Der Dekadenz der Psychedelic-Ära setzte die CBGB's-Szene eine konträre Haltung entgegen, einen harten Realismus, rohe Energie und Aggressivität im musikalischen Ausdruck. Die praktizierte Verbindung von Kunst und Leben wurde prägend für den kreativen Aufbruch. Aus den Vorträgen poetischer Texte wurden musikalische Performances.
Diese musikalische Revolution war Vorbild für die britische Punk-Bewegung, durch die das Phänomen einer neuen Gegenkultur weltbekannt wurde.
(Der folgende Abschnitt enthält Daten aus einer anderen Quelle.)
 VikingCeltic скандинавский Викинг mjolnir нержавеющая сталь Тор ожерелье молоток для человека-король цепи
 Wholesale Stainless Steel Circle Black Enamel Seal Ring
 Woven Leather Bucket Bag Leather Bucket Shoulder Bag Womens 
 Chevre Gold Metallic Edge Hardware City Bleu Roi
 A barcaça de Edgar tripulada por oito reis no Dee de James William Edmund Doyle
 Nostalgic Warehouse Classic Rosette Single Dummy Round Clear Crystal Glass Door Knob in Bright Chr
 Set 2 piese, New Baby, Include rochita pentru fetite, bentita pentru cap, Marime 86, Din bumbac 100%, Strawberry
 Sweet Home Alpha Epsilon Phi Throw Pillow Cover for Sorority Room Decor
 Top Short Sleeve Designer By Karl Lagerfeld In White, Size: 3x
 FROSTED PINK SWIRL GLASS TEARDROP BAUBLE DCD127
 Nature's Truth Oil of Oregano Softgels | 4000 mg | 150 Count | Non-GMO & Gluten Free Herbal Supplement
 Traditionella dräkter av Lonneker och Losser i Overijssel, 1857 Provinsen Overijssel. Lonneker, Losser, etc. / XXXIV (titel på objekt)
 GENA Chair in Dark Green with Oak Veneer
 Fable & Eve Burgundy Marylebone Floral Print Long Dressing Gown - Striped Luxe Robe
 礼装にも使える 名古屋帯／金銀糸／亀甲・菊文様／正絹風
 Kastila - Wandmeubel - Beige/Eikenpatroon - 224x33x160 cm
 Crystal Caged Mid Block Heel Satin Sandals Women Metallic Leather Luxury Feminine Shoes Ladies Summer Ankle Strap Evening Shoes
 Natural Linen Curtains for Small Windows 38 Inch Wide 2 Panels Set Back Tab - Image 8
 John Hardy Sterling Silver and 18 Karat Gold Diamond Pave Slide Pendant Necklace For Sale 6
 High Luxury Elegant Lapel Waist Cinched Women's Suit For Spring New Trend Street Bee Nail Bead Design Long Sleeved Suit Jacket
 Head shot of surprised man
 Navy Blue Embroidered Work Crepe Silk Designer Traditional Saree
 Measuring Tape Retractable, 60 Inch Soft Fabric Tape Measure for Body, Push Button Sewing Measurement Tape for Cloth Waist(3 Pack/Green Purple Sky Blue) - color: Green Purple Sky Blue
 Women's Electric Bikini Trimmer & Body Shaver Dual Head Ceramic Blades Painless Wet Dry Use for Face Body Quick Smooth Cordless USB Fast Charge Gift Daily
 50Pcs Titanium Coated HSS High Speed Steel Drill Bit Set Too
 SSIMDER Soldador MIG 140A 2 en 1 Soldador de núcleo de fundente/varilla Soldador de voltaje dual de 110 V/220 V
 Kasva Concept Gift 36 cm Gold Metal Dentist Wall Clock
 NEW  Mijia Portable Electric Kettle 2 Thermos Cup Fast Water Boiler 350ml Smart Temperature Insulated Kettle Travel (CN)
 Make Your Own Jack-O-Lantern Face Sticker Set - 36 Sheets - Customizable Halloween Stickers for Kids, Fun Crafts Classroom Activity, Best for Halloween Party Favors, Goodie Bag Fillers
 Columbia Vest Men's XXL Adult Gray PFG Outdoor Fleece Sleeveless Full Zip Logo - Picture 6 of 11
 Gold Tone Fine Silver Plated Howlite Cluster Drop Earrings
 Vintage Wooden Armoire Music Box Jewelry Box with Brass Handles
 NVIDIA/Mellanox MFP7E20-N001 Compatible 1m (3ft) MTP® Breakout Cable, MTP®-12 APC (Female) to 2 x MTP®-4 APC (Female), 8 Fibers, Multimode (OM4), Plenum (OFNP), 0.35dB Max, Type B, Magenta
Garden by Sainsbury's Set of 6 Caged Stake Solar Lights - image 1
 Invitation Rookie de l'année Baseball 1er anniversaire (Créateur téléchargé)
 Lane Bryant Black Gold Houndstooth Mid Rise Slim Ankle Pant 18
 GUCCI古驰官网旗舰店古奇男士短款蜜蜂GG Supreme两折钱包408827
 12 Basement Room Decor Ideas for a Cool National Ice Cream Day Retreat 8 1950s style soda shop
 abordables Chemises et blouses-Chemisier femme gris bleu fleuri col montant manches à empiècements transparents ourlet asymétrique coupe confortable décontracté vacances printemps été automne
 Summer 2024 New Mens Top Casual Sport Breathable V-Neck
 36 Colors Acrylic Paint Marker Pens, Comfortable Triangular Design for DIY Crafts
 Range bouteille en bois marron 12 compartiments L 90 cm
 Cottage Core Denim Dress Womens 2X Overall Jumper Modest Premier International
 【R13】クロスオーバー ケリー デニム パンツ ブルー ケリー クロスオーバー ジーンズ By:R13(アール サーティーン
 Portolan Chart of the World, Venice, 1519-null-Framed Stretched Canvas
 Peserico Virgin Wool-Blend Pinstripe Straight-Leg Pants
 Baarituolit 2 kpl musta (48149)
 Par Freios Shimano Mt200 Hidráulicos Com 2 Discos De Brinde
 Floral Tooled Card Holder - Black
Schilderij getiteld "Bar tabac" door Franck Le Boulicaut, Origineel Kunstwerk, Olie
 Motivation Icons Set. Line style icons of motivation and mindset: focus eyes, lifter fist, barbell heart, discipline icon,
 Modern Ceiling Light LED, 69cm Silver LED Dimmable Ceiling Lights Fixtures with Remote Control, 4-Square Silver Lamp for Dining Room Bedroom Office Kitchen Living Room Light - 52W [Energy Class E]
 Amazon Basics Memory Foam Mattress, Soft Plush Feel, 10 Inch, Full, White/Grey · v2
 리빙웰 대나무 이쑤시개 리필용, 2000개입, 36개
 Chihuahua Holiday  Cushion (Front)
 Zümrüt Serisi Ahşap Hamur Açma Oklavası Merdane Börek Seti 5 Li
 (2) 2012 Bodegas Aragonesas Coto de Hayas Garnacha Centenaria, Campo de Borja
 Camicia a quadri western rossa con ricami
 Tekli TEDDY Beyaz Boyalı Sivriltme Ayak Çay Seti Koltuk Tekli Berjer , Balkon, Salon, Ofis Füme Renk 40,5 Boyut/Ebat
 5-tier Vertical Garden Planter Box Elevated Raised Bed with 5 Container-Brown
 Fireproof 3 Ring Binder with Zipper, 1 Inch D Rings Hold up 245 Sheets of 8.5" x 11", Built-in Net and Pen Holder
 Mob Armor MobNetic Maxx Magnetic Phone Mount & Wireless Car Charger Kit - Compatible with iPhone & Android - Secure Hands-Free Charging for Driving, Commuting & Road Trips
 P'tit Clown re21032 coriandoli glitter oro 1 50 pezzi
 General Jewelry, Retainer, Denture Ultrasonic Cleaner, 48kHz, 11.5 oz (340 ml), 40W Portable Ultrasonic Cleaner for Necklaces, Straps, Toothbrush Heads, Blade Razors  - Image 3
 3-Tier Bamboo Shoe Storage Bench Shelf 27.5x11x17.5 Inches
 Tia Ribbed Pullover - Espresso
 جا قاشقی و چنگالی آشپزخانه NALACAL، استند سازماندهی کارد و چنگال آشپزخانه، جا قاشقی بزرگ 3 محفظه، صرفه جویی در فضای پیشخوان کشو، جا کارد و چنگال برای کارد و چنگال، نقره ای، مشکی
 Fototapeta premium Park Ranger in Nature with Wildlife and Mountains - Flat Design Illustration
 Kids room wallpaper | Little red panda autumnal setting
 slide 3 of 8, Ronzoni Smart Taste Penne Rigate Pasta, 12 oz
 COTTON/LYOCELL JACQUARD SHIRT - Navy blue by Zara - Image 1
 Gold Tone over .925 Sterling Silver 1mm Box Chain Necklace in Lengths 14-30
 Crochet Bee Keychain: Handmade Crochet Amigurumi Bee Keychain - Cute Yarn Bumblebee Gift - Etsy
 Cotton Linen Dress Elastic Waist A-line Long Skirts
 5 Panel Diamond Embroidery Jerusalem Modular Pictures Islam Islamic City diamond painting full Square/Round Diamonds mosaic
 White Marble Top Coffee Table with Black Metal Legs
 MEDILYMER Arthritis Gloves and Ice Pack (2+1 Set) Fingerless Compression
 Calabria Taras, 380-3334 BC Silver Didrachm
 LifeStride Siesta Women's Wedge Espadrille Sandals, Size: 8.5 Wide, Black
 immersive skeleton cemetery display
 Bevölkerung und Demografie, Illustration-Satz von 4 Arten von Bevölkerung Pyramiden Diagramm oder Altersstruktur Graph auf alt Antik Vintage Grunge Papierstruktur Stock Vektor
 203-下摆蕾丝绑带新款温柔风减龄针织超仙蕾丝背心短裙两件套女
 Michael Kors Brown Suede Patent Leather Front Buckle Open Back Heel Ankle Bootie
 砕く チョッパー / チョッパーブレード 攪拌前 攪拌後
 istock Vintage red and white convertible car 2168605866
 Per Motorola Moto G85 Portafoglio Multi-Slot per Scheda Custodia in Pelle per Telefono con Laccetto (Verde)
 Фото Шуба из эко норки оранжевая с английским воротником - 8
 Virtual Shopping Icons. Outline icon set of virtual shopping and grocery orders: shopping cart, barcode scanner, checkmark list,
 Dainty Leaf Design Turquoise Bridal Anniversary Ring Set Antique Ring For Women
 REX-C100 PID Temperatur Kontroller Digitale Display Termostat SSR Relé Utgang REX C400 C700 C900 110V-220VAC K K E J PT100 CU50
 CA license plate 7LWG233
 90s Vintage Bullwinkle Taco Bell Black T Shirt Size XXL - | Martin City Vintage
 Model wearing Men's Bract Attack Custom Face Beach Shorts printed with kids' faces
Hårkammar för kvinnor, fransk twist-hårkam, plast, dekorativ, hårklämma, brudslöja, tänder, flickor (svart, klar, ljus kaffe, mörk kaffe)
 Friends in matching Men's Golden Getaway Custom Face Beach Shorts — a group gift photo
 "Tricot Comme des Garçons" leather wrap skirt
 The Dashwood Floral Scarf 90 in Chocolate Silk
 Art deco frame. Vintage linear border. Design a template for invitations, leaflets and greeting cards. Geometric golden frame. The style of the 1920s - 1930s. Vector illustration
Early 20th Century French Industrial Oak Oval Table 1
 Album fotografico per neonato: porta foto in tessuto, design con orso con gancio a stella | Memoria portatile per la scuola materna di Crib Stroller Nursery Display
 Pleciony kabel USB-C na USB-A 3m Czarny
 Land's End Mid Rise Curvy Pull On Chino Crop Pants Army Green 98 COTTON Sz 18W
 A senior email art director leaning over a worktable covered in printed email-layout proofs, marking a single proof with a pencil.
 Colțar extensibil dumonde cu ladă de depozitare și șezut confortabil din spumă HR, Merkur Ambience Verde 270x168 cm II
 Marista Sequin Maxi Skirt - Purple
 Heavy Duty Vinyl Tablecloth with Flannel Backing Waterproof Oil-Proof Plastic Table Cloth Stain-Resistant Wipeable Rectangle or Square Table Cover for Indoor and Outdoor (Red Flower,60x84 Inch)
POP ODYSSEE: „House of the Rising Punk“
Dokumentation, Deutschland 1998
Laufzeit: 59:30 min.
Regie und Buch: Christoph Dreher,
Realisation: Christoph Dreher und Rotraut Pape
Schnitt, Mastering: Rotraut Pape
Kamera: Horst Markgraf
Ton: Joachim Fleischacker
Grafik: Gérard Couty
Produzenten: Christoph Dreher und Rolf Wolkenstein
Redaktion: Christian Cloos und Claudia Tronnier / Das kleine Fernsehspiel / ZDF / quantum
Produktion: Turner&Tailor für ZDF / 3Sat.© 1998


THE RAMONES

Pop Odyssee „House of the Rising Punk“ ist nach „Die Beach Boys und der Satan“ der zweite Pilotfilm zu einer geplanten TV - Reihe über die Geschichte der Popkultur.
Der Autor und Regisseur Christoph Dreher, bekannt durch die mit dem Adolf - Grimme - Preis ausgezeichnete Musikdokumentationsreihe „Lost In Music“, führt die zweite Pop Odyssee in das „House of the Rising Punk“, einen kleinen Club in der Bowery, einem traditionell verrufenen Stadteil im südlichen Manhattan. Er trägt seit 25 Jahren den irritierenden Namen CBGB´s, kurz für Country, Bluegrass, Blues. Diese Musikrichtungen wollte der Clubgründer und bis heutige Besitzer des Clubs, Hilly Kristal, eigentlich in seiner gerade übernommenden Rockerkneipe spielen lassen, als ihn zwei junge Musiker ansprechen, die mit ihrer just gegründeten Band Television einen Auftrittsort suchen.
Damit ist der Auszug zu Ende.